Fundador de Navegos homenageia a memória de escritora argentina que foi sua amiga e registra um episódio pouco conhecido de sua biografia.

*Franklin Jorge

Disse Voltaire que todos os gêneros são bons, exceto o enfadonho. Assim, não fazia distinção entre a prosa e o verso, entre o lírico e o dramático, como a antecipar, em alguns séculos, o que me disse certa vez a argentina Luísa Mercedes Levinson (1914-1986), sem dúvida uma das grandes escritoras de sua geração e do nosso tempo.

Autora de uma obra pletórica que foge ao lugar-comum, praticou ela própria todos os gêneros, exceto o enfadonho. Em seus escritos tudo é surpresa e novidade, a começar pela forma como os escrevia, deitada em sua grande cama, cercada por seus oito gatos que a encantavam e divertiam. Colette, por sua vez, tinha 40 gatos em seu apartamento parisiense. Razão pela qual nunca se entediavam nem se aborreciam.

Seu último livro publicado em vida, El ultimo zelofonte, parece-me o singular divertissement de uma autora espirituosa e erudita. Pequena novela que me faz lembrar Sonho de uma noite verão, pois nem Shakespeare nem ela, nas obras a pouco citadas, não se enquadram em nenhum gênero, mas dão a medida do talento de quem os imaginou e escreveu. Versa sua ficção sobre um velho antropólogo, o único argentino a obter o Prêmio Nobel, por ter descoberto em algum país asiático o último exemplar de um animal mítico que sugere o unicórnio, o Zelofonte, que tem o dom de espalhar a paz . Chamam-no, a sua personagem, pelas costas, por pura galhofa, de “o velho dos ossos”, por sua longevidade e especialidade cientifica – a antropologia.
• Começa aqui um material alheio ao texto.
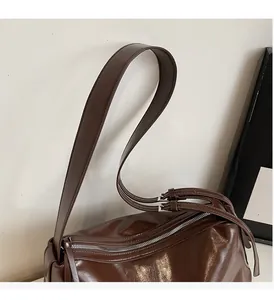 Detail of dark brown glossy leather tote bag showing wide strap and silver metal buckle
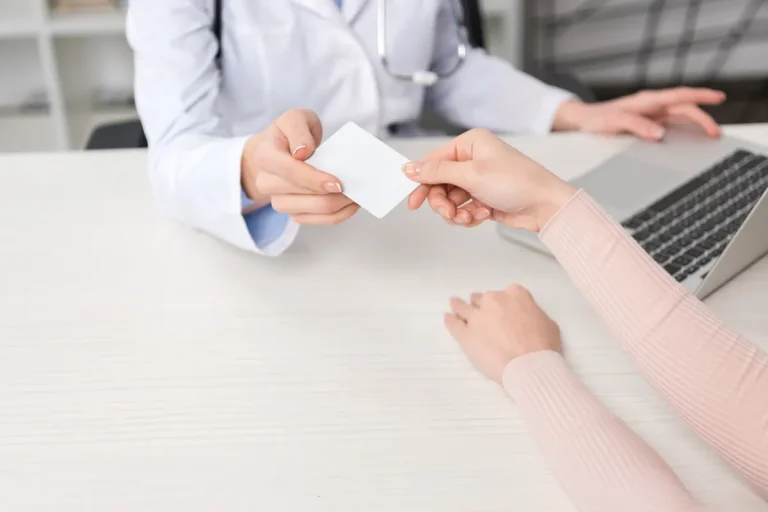 Médecin tendant une carte à un patient dans son cabinet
Li-o e o reli em uma única noite, como que hipnotizado por sua maneira de narrar de maneira fluente uma não-história. Voltei a rele-lo outras inúmeras vezes e ainda o guardo comigo, inclusive pelo autógrafo que a autora teve a bondade de escrever para quem ela costumava chamar de seu “amigo brasileiro”, ou Georgi, ou ainda Georgie, um dos poucos escritores dos quais gostava, dizia; preferia os artistas plásticos aos escritores, por serem menos solenes e mais boêmios. Ao lança-lo, teve o seu nome apoiado pela Sociedade de Homens de Letras de Paris, para o Prêmio Nobel de Literatura, mas ela morreu em consequência de uma queda, após receber a noticia de que seu nome fora formalmente apresentado para concorrer à cobiçada láurea.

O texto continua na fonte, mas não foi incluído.